Much work was needed. The site chosen at 63rd street near the lake on the south side of the city was a wetland. It needed drainage. The lack of firm footings for construction was going to be a problem. The strong personalities of the architects chosen were also a formidable force to be tamed. It was a monumental challenge faced by the city. Many believed it to be an impossible task. Chicago had a reputation as a brash place without the polish of the likes of New York or Philadelphia. Chicago needed to prove to the world it could meet the challenge.

This post is meant as a photographic visit to some of the highlights of the Fair. Links are provided if you want to explore the sources in depth on your own. Records and photos from historical sources give a view of the Fair most people have never seen. You might have heard stories from relatives about a visit to the Fair by some earlier generation. I hope this shows what they saw.



Why the White City?

The buildings were not designed to be permanent structures. This paragraph from the 1893 publication The Book of the Fair explains their appearance and the reason for being viewed as the White City.
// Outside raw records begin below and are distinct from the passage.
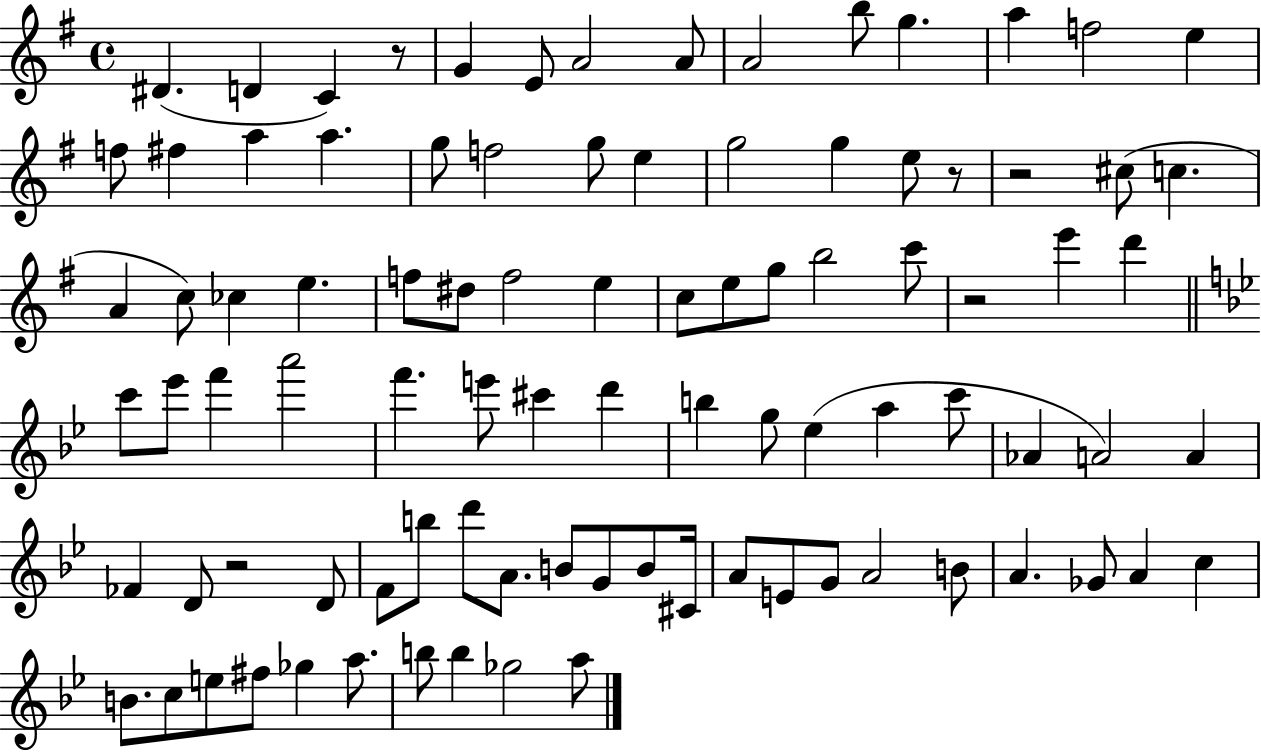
{
  \clef treble
  \time 4/4
  \defaultTimeSignature
  \key g \major
  dis'4.( d'4 c'4) r8 | g'4 e'8 a'2 a'8 | a'2 b''8 g''4. | a''4 f''2 e''4 | \break f''8 fis''4 a''4 a''4. | g''8 f''2 g''8 e''4 | g''2 g''4 e''8 r8 | r2 cis''8( c''4. | \break a'4 c''8) ces''4 e''4. | f''8 dis''8 f''2 e''4 | c''8 e''8 g''8 b''2 c'''8 | r2 e'''4 d'''4 | \break \bar "||" \break \key g \minor c'''8 ees'''8 f'''4 a'''2 | f'''4. e'''8 cis'''4 d'''4 | b''4 g''8 ees''4( a''4 c'''8 | aes'4 a'2) a'4 | \break fes'4 d'8 r2 d'8 | f'8 b''8 d'''8 a'8. b'8 g'8 b'8 cis'16 | a'8 e'8 g'8 a'2 b'8 | a'4. ges'8 a'4 c''4 | \break b'8. c''8 e''8 fis''8 ges''4 a''8. | b''8 b''4 ges''2 a''8 | \bar "|."
}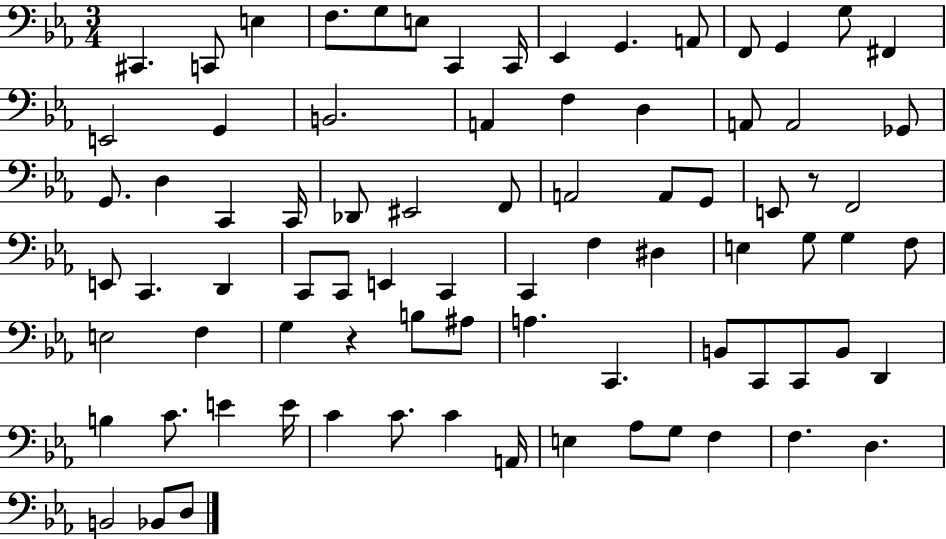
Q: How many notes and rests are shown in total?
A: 81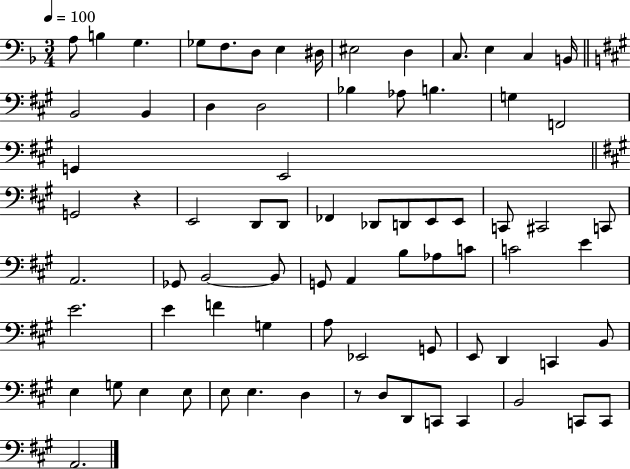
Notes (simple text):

A3/e B3/q G3/q. Gb3/e F3/e. D3/e E3/q D#3/s EIS3/h D3/q C3/e. E3/q C3/q B2/s B2/h B2/q D3/q D3/h Bb3/q Ab3/e B3/q. G3/q F2/h G2/q E2/h G2/h R/q E2/h D2/e D2/e FES2/q Db2/e D2/e E2/e E2/e C2/e C#2/h C2/e A2/h. Gb2/e B2/h B2/e G2/e A2/q B3/e Ab3/e C4/e C4/h E4/q E4/h. E4/q F4/q G3/q A3/e Eb2/h G2/e E2/e D2/q C2/q B2/e E3/q G3/e E3/q E3/e E3/e E3/q. D3/q R/e D3/e D2/e C2/e C2/q B2/h C2/e C2/e A2/h.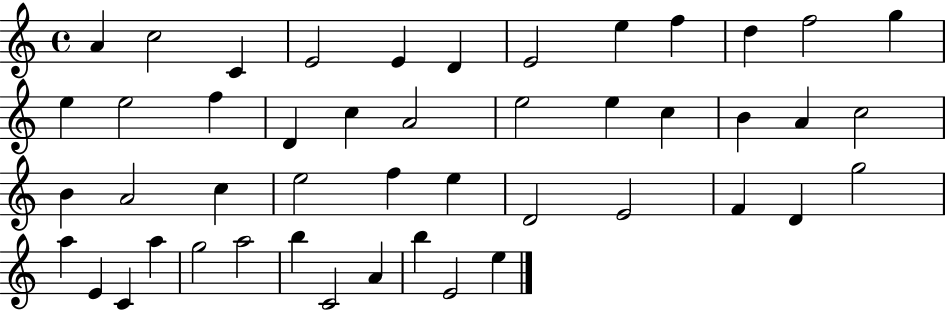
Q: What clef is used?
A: treble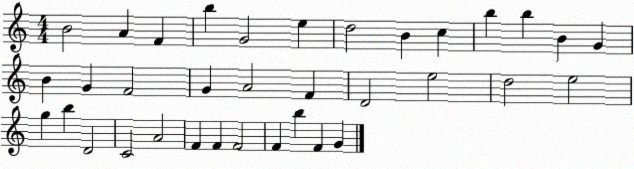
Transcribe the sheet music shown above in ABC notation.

X:1
T:Untitled
M:4/4
L:1/4
K:C
B2 A F b G2 e d2 B c b b B G B G F2 G A2 F D2 e2 d2 e2 g b D2 C2 A2 F F F2 F b F G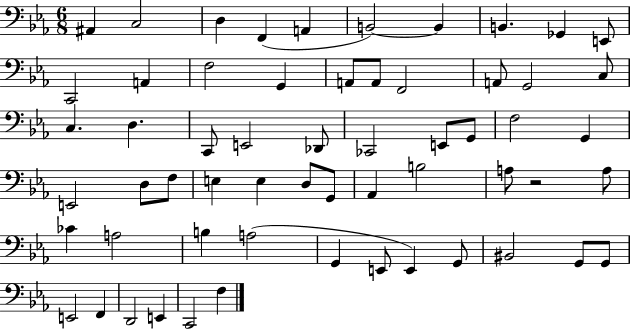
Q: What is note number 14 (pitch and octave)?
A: G2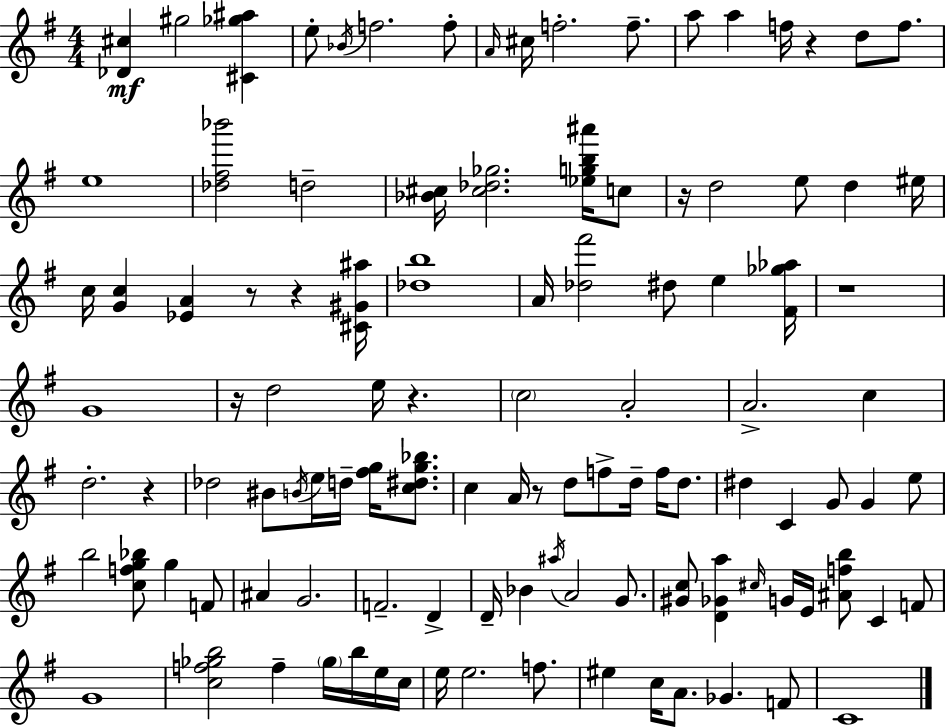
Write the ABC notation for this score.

X:1
T:Untitled
M:4/4
L:1/4
K:G
[_D^c] ^g2 [^C_g^a] e/2 _B/4 f2 f/2 A/4 ^c/4 f2 f/2 a/2 a f/4 z d/2 f/2 e4 [_d^f_b']2 d2 [_B^c]/4 [^c_d_g]2 [_egb^a']/4 c/2 z/4 d2 e/2 d ^e/4 c/4 [Gc] [_EA] z/2 z [^C^G^a]/4 [_db]4 A/4 [_d^f']2 ^d/2 e [^F_g_a]/4 z4 G4 z/4 d2 e/4 z c2 A2 A2 c d2 z _d2 ^B/2 B/4 e/4 d/4 [^fg]/4 [c^dg_b]/2 c A/4 z/2 d/2 f/2 d/4 f/4 d/2 ^d C G/2 G e/2 b2 [cfg_b]/2 g F/2 ^A G2 F2 D D/4 _B ^a/4 A2 G/2 [^Gc]/2 [D_Ga] ^c/4 G/4 E/4 [^Afb]/2 C F/2 G4 [cf_gb]2 f _g/4 b/4 e/4 c/4 e/4 e2 f/2 ^e c/4 A/2 _G F/2 C4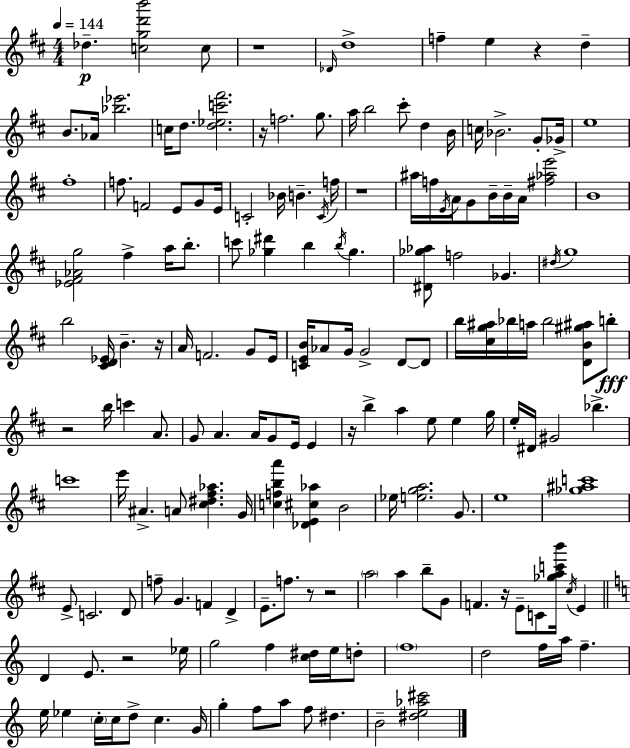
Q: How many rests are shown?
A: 11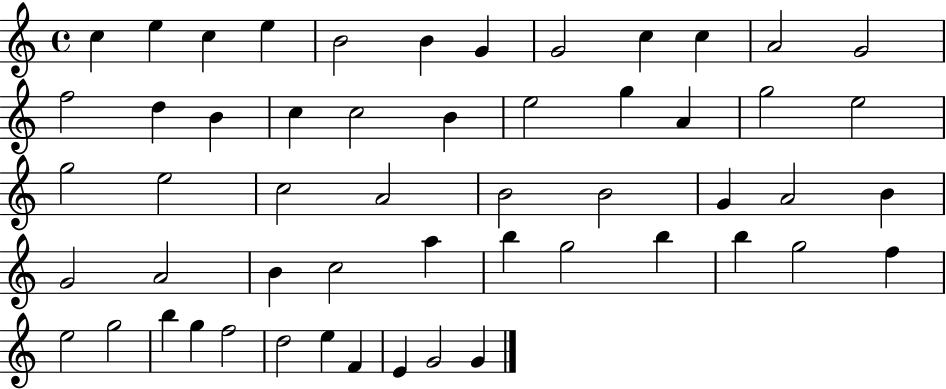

In the construction of these, the unsubstantial fabrics of the Fair, nearly all of which must be removed or converted to other uses, one of the most difficult problems was the selection of suitable materials. For the framework of such huge, if temporary buildings, iron and wood must of course be largely used; but for the casings, the mural decorations, and other ornamental and accessory work, a substance must be found which would be at once inexpensive, plastic, and durable. All these qualities were united in a combination of plaster of Paris with jute or other fibre, resembling a stucco and commonly known as staff, one readily manufactures and handled, easily moulded and colored, and such as enabled the architects to complete their designs at small expense, while giving to their structures all the stability required. The group of edifices that form the housing of the Fair have been aptly termed a sketch in lines of iron and wash of plaster; for with this bright, soft compound most of the mammoth skeletons were clothed and adorned, and with its aid have been reproduced some of the choicest designs in ancient and mediaeval architecture.

A paint spraying device was invented to quickly apply a whitewash coat to the plaster staff. Three men could do the work of 21 with this electric pump. Several acres of surface were sprayed in a few weeks.




Opening Ceremonies

President Grover Cleveland was elected in the November 1892 election. (his 2nd non-consecutive term) He was at the opening ceremonies ready to touch the Magic Key. This quote is taken from chapter V of the History of the United States by E. Benjamin Andrews (1905).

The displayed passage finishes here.